When I first took a class in watercolour painting, I quickly learned that I lacked basic drawing skills. While I could apply convincing and pleasing washes and blends, it was hard to produce credible landscapes without some ability to draw a tree or a mountain. I needed a good skills class.
Similarly, a recipe can carry me some distance, but I’m limited if I lack basic kitchen skills. My w.wezen gave me a course-of-my-choice at Ann’s Smart School of Cookery in London, and I decided to use it to bone up on the basics.
Like fishmongery.
A very British term, it implies the skills needed to reduce a whole fish to a pair of filets, nicely cooked and presented. Knife work for boning and skinning, skillet tips for crispy skin and smoking, were the core skills.
Ann’s London base is out on Canary Wharf, out along the DLR about as far as you can get from Paddington Station. The Star Wars Celebration (Europe) convention was being held nearby, so I was treated to lots of Storm Troopers and X-Wing Pilots, Leias and Reys filling the coaches.
Ann’s School is in the lower level of the West India Quay (Key), best found by keying off the nearby cinema and gym. It’s a nice working space with lots of nearby restaurants along the water: arriving 30 minutes early, I took in a light veggie-English breakfast and the early joggers beneath the symbolic cranes.
Once installed around the Ann’s kitchen, we were tasked with learning three skills, filleting, skinning, and braising.
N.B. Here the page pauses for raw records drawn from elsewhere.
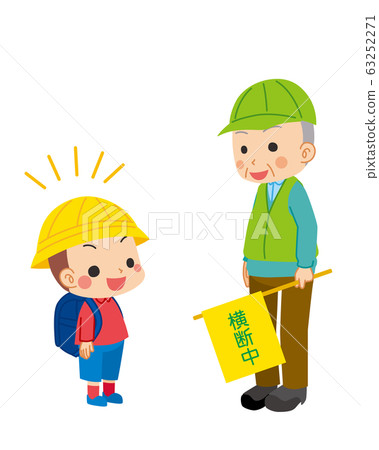 Elementary school boy greet the green uncle who guides traffic 63252271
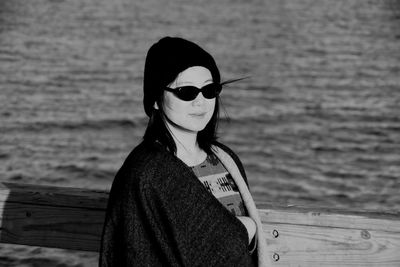 Portrait of man wearing sunglasses standing against sea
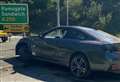 Close call for BMW driver at roundabout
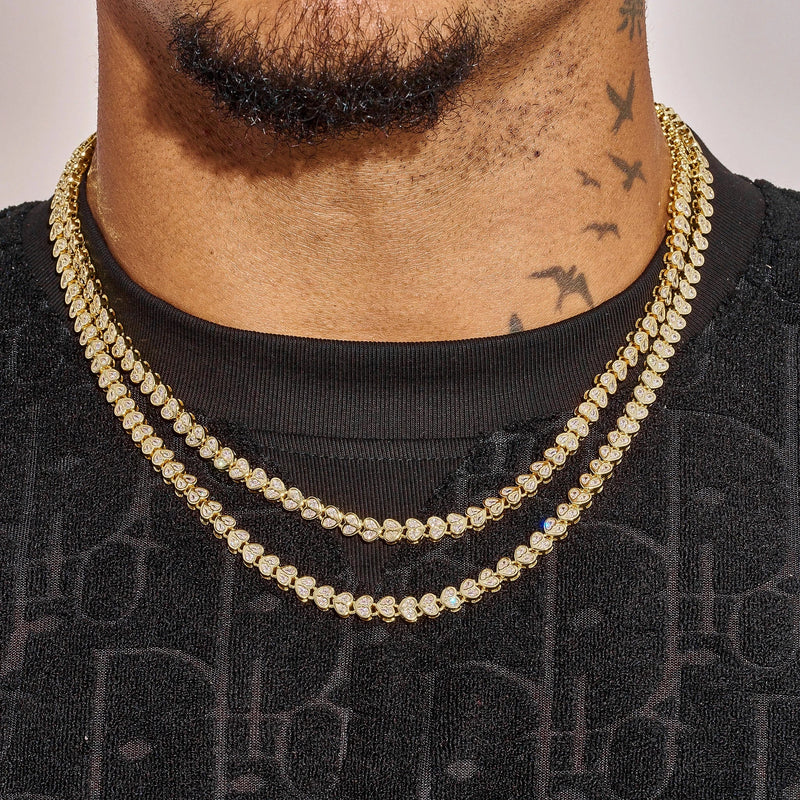 Gold Broken Heart Chain necklace on man with tattoos, layered fashion accessory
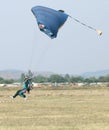 Male skydiver coming in for fast landing on grass Landing Seri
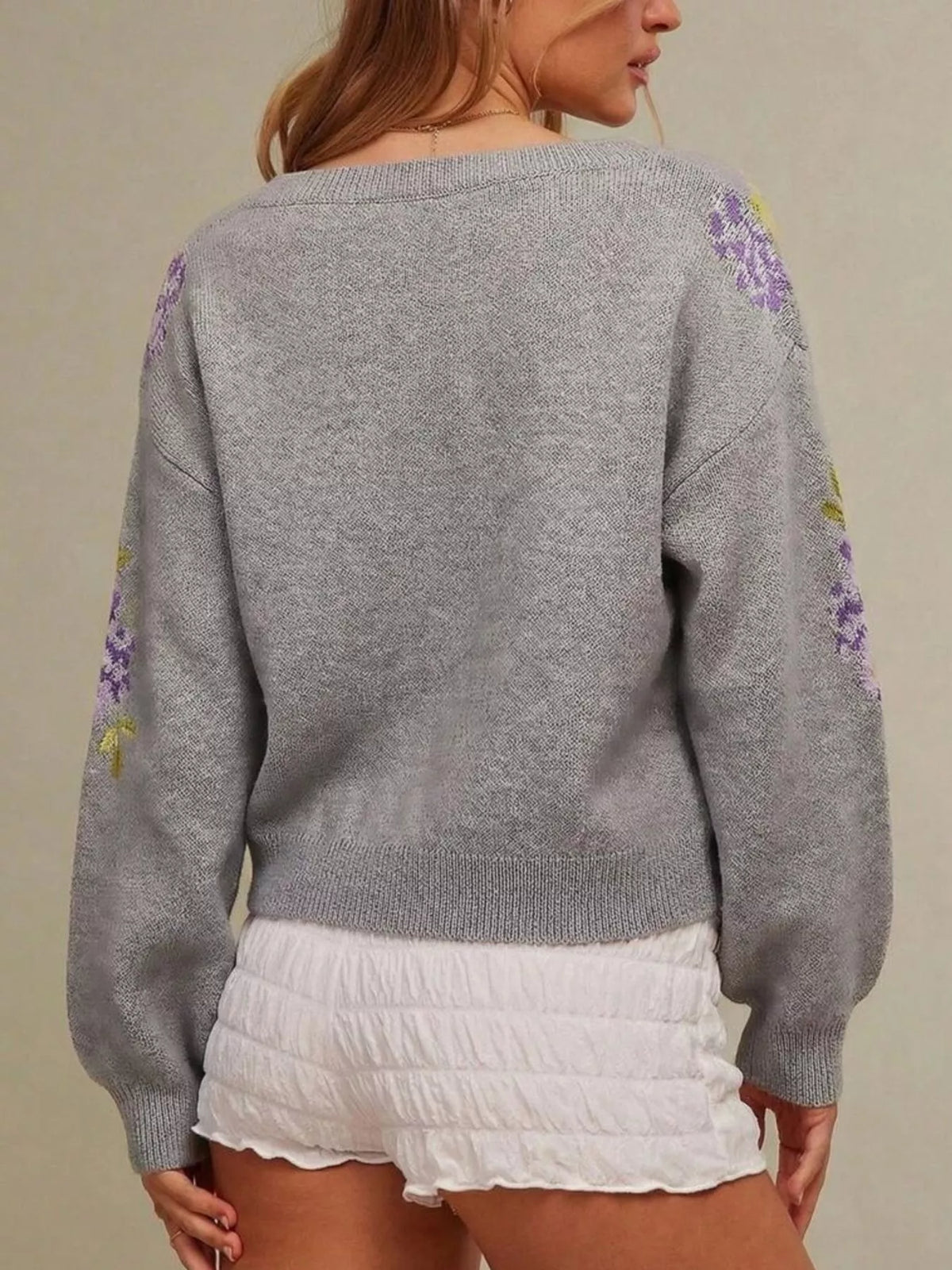 Gray floral pattern sweater, back view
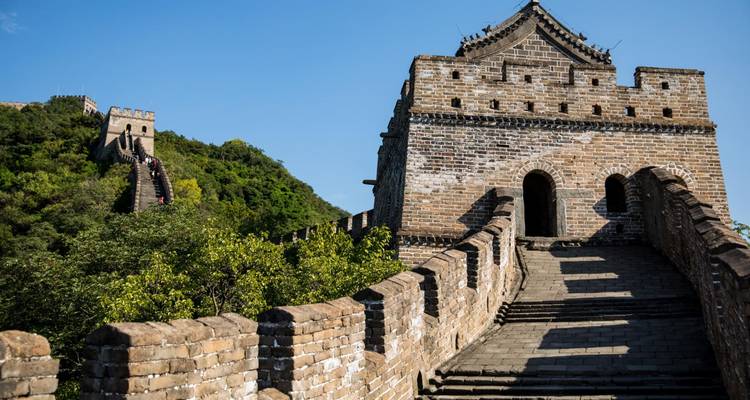 Stenen trappen die omhoog gaan naar een minder druk bezocht gedeelte van de Chinese Muur, omgeven door weelderig groen.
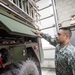 Opening the hose on Army fire truck maintenance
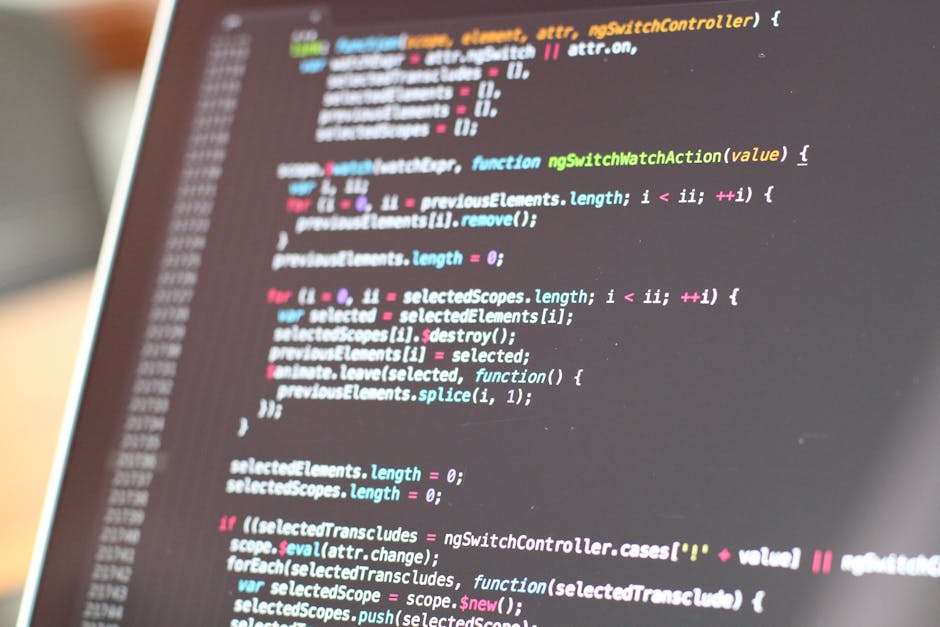A person's hands are seen typing on a laptop with a dark screen displaying lines of code in different colors, suggestive of programming or web development work. The laptop, positioned on a reflective 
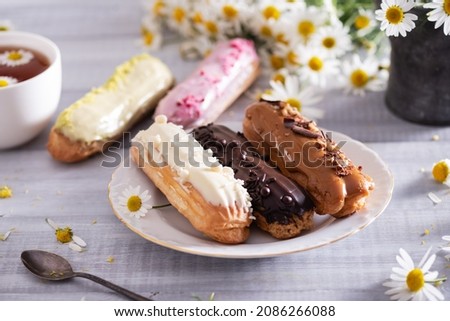 Beautiful delicious french eclairs set with original cream decor on white plate on  wooden background. Selective focus. Tasty colorful dessert profiteroles. Royalty-Free Stock Photo #2086266088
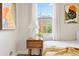 Comfortable bedroom with wood nightstand and window views at 1805 W 51St Ave, Denver, CO 80221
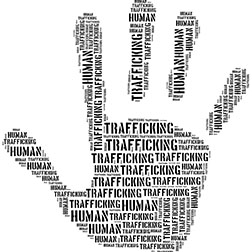 Image of human hand with the words human trafficking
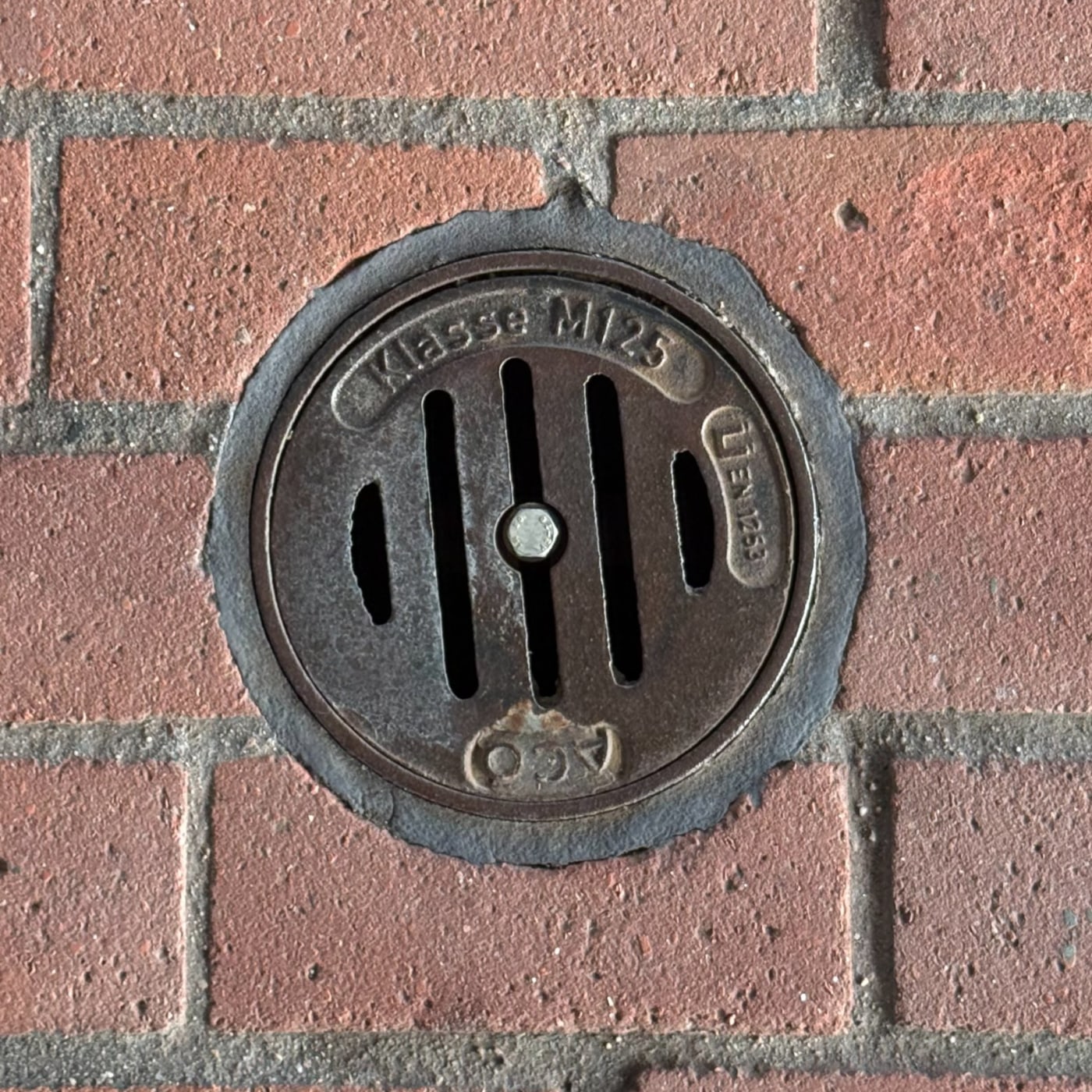 Na cihlové zdi je patrný kruhový odtokový prvek, jehož povrch nese zřetelné označení 'Klasse M125' a referenci na normu  in HafenCity, Free and Hanseatic City of Hamburg, Germany — CoverSpot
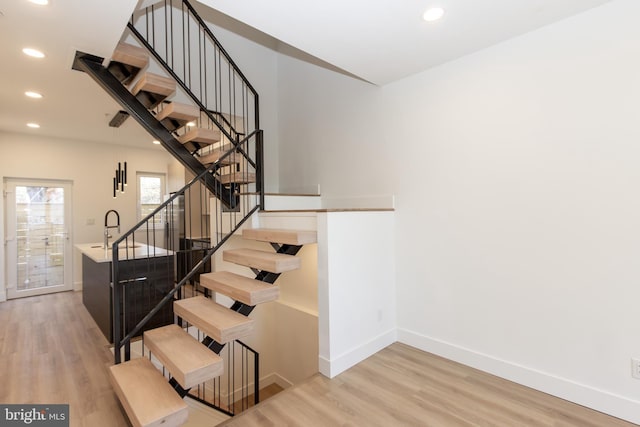 staircase featuring wood-type flooring and sink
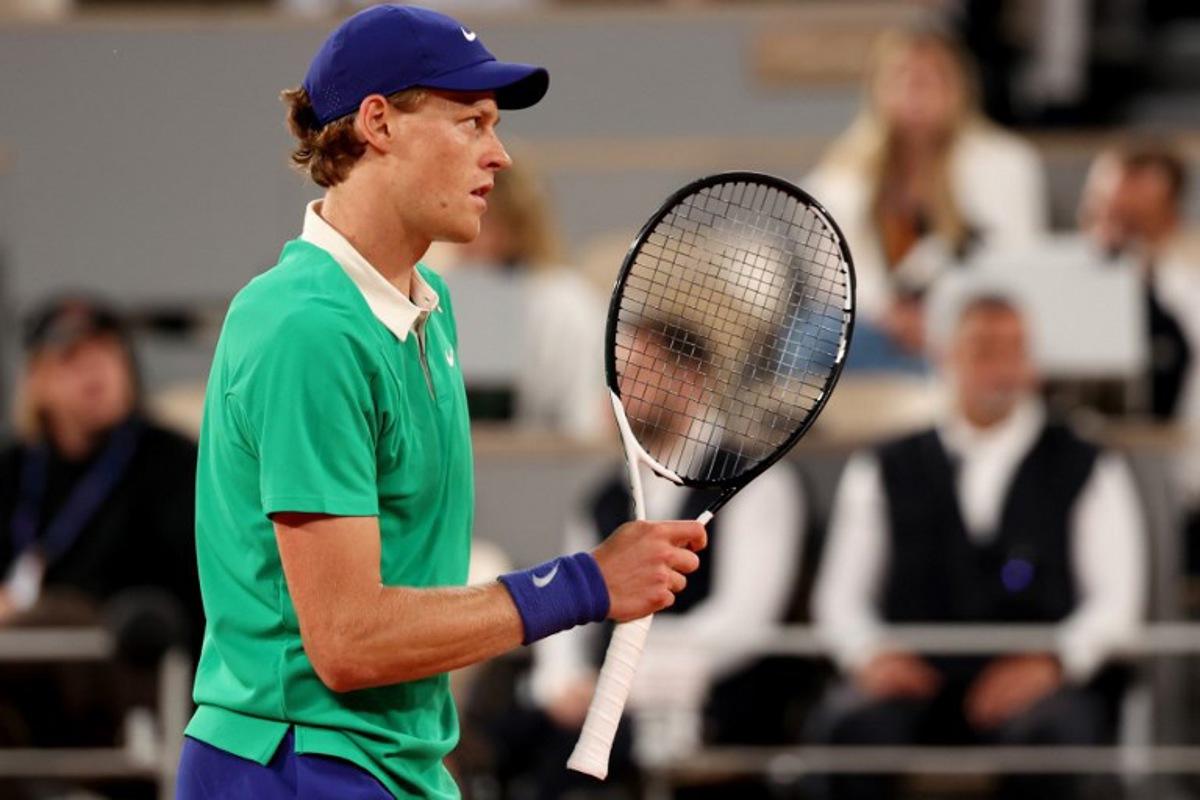 Italy's Jannik Sinner reacts during his men's singles match against Russia's Andrey Rublev on day 9 of the French Open tennis tournament on Court Philippe-Chatrier at the Roland-Garros Complex in Paris on June 2, 2025. ALAIN JOCARD / AFP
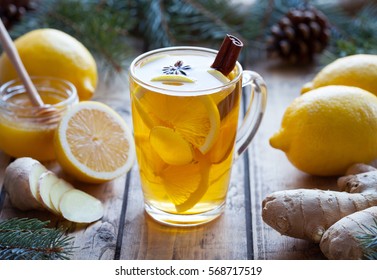 Cup of green natural tea with ginger, lemon and honey on wooden vintage background. Healthy drink. Hot winter beverage concept.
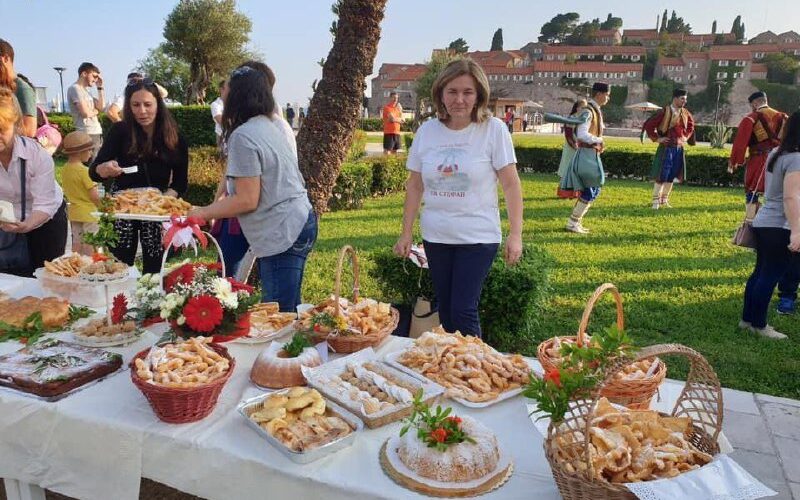 Женщины на фестивале в Черногории выставляют традиционные блюда на столе на фоне исторической архитектуры.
The chef-instructor quickly dispatched the first fish, slicing off the flank with a 7-inch knife before lifting off the ribs and trimming the fat. We sized up our trouts in pairs and slashed in. I failed to cut deep enough as the second man in our relay, and my filet was sadly pulpy and nicked.
Fortunately, we were headed towards Pâté, so it was all mashed in mascarpone and seasoned anyway.
My skinning skills were much better: a bit of pressure on an absolutely horizontal knife yielded a lovely fillet and a satisfyingly clean skin.
I was surprised to find that smoking was stovetop-accessible. A layer of foil, rice and tea, parchment, herbs, filets and ten minutes gave a delicately cooked flesh with almost no effort. We all plunged into trying to enhance the dish with spices: our lemon-garlic (with a hint of 5-spice) gave a delicate flavour against the smoke, while others went mad with chilies and peppers. Ah, the excess of youth.
On to Sea Bass (and Pin Bones), Flat Fish (and ‘Y’ cuts), both with butter and caper braising. The chefs approach crispy skin different than I have. I follow the ‘Absolutely dry applied to absolutely hot’ rule. They prefer oils, butter, and ‘never turn the fish’. It produced a very nice result with far less smell, smoke, and drama than mine.
There was a lot that I could use from the course, from choice of oils to angles of the knives. I am, sadly, of the ‘third time’s a charm’ school of learning. As with fondants and poached eggs, so shall it be with filleting and braising seafood.
Fortunately, trout are cheap and cooking only takes 20 minutes: easy to get lots of practice in a week of dinners.